#### WHAT THE TASK ASKS:
Note on the material below: return exactly the lines from the line that holds "Men Women Red" through the line that holds "Szkolenie dla gastronomii", and leave out each picture.

══ SUPPLIED RECORDS ══

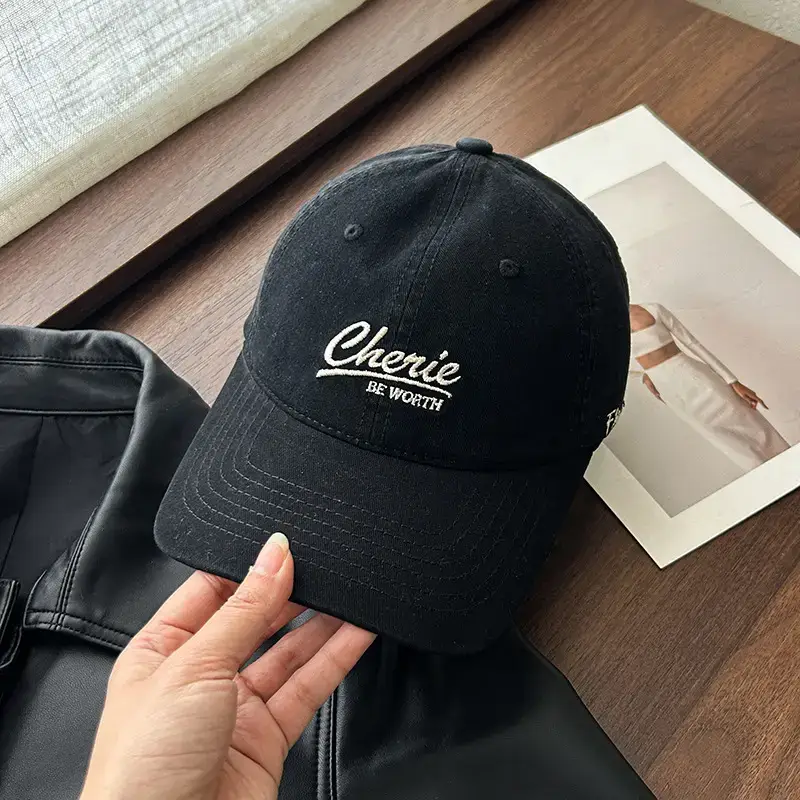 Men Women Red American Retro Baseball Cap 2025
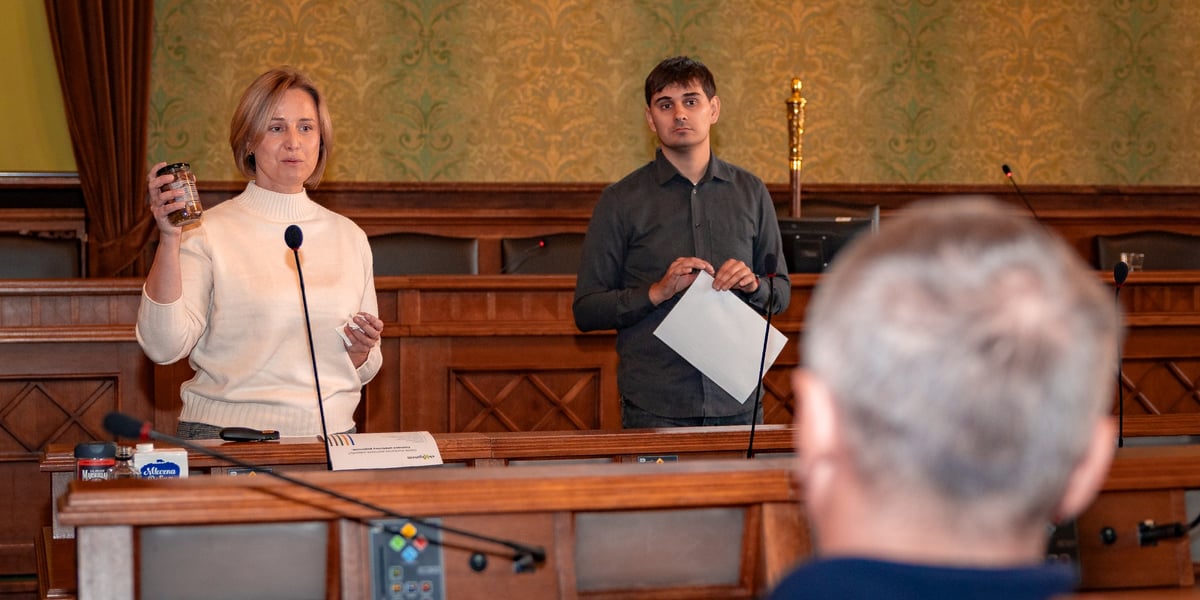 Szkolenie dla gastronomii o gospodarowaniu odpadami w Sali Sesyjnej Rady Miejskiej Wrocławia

═══
══ SUPPLIED RECORDS ══

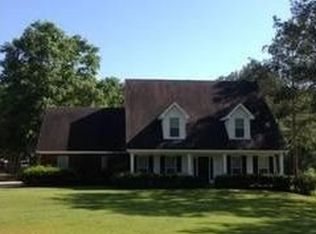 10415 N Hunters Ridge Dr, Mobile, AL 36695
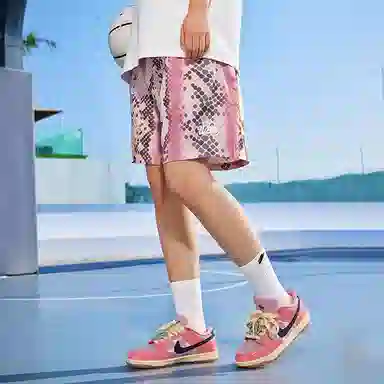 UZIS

═══
══ SUPPLIED RECORDS ══

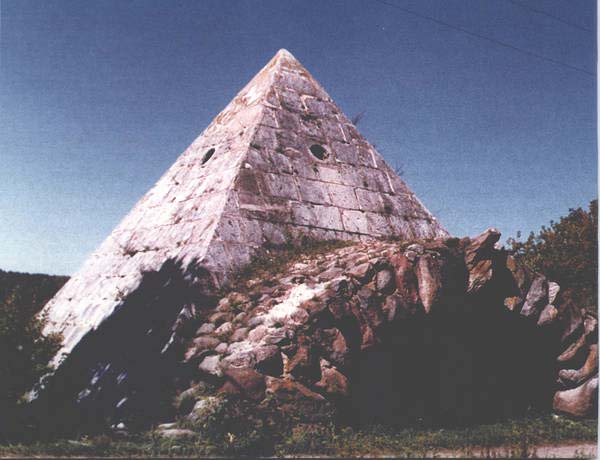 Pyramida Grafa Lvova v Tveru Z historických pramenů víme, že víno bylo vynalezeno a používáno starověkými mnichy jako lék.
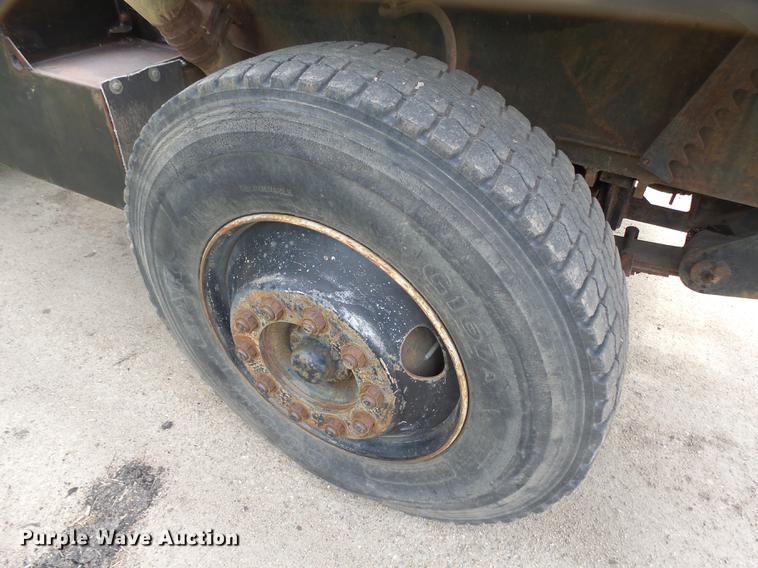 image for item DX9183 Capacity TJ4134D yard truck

═══

#### RESULT FOR THIS TASK:
 Men Women Red American Retro Baseball Cap 2025
 Szkolenie dla gastronomii o gospodarowaniu odpadami w Sali Sesyjnej Rady Miejskiej Wrocławia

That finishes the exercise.